Much has been written and said about the difficulty in getting young teenagers -- especially boys -- to love books (or even just to read them), so I have a suggestion for the NEA, publishers, librarians and anyone else who's interested:  get Neil Gaiman to come and talk to them.  Last night in New York was the kickoff of Gaiman's book tour for The Graveyard Book, his first official YA title, and even though it was the Jewish holiday, the auditorium at Columbia's Teachers College was packed.  (And don't even ask about the line in front to buy books:  Gaiman's evening started fifteen minutes late to accomodate the book buyers, and long after the star had left the building, the fans remained there)   Packed and breathless;  grown-ups, little kids and, most astonishingly, young teenagers, like the spellbound 14 year old sitting next to me, scribbling a half dozen questions on the index card he would hand in at intermission in the hopes that Gaiman would answer them in the Q&A portion of the program.  (He didn't, but I assured said 14 year old, my son Charley, that his questions were too sophisticated -- they were about character and plot, not the standard issue:  "so what are you working on next?" kind of query -- to make for good sound byte answers.  I'm sure Gaiman would agree;  right, Neil?)

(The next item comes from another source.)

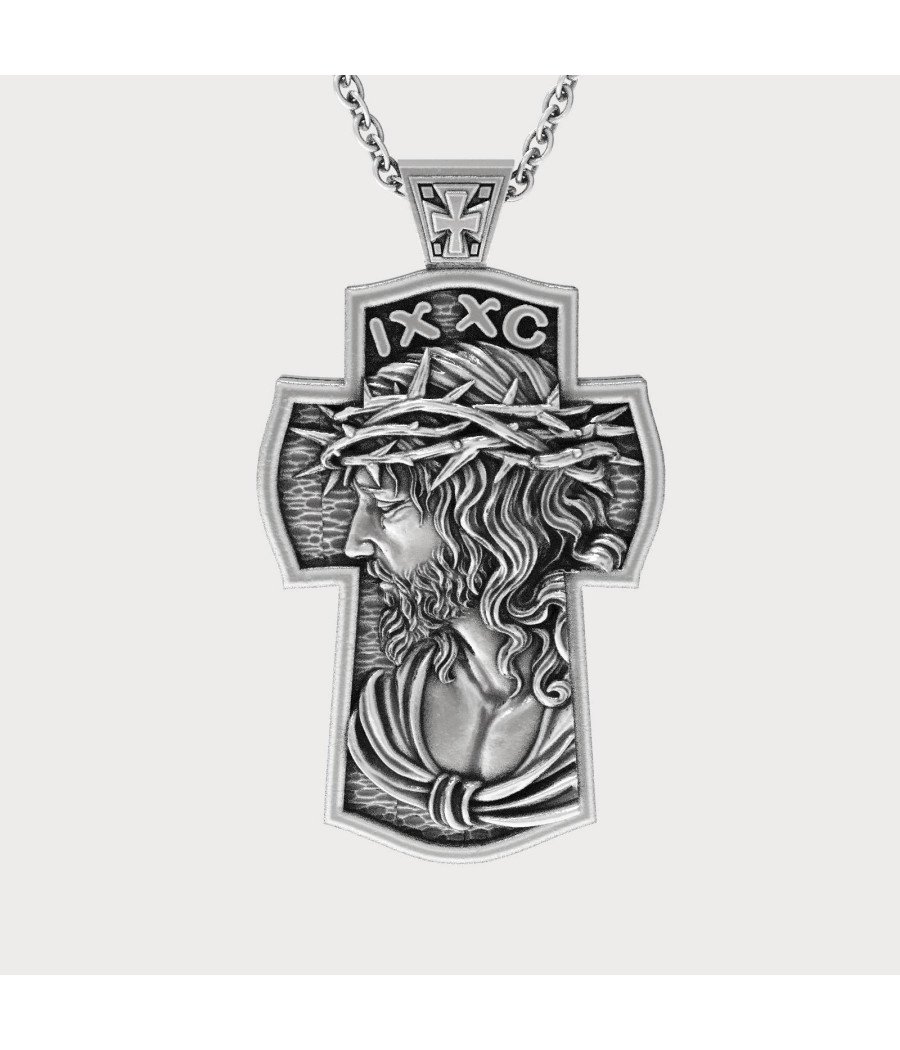 Jesus Crucifix Necklace - Christ Jesus Cross Pendant -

What makes Gaiman such a crowd pleaser?  It certainly doesn't hurt, for the adult females, that he comes off as the British, writerly version of Javier Badem, stubble, hair and all;  not Paul Newman-handsome, of course, but, well, way cool.   But to kids, his appeal is something else:  he reads his prose well, with a particularly British inflection even though he has now lived many years near Minneapolis (and his son, who inspired Graveyard, when he was a toddler, is now a twentysomething working for Google).  But that's not really it, either.  It's the WAY he talks, slightly snarky, not beholden, not kid-speak.  "Having read your questions," he announced when he returned to the stage after a short, book buying intermission, "and for some of you,  I fear for your sanity." 

Charley thought this was hilarious, of course, even though when I say things like that to him, I get  a stony stare.  But I'm not bitter.  No.  I'm grateful to anybody who can stage a literary reading and get a standing ovation for it.   That the performance also sold what looked like hundreds of books wasn't bad either.

It's enough to make you think that publishing, and reading, aren't dead after all.